Other than the American Legion, Amvets, the VFW, a few cemeteries and a University of Arizona event that was it.
I personally think it means more than grilling hamburgers and hot dogs.
These young men and women gave the ultimate for us to make this day a party out of what should have been a peaceful day of graditude for our fallen.
But for those that honored the day, thank you for remembering the real Memorial Day.
Teacher leaves a legacy of influence
Re: May 23 article “A half-century of advice: Swaim always there for Wildcat athletes.”
I would like to thank Greg Hansen for his well-written piece on Donna Swaim.
Donna has also been a living legend among her humanities students. She has taught thousands of us over the last 50 years the importance of humanities in our daily lives, and how the threads of our unique lives bond us together into a wonderful tapestry on this shared earth.

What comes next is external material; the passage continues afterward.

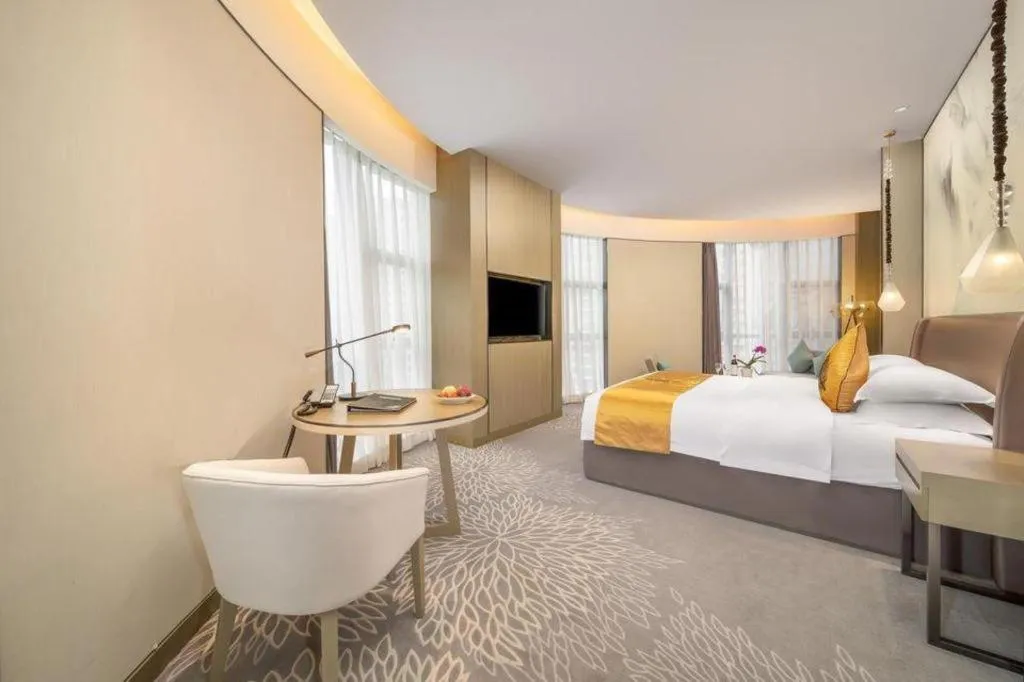 Bed in ZHONG DING HOTEL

Somehow Donna has come to know each of her students individually in an effortless and magical way. You did not have to be a college basketball star to be important to Donna. Some of her most influential work was done within the prison system.
If Donna were to have a single legacy, it would be that every student she taught would count her as the finest and most influential teacher in their lives. She is still teaching me 35 years after taking her classes.
Student of Donna Swaim’s, Tucson
Underfunded CPS asked to do impossible
Re: the May 25 editorial “A clean slate on child welfare: Let’s get it right.”
The piece was right on target in saying the state legislature effectively failed “to protect and care for neglected and abused children.”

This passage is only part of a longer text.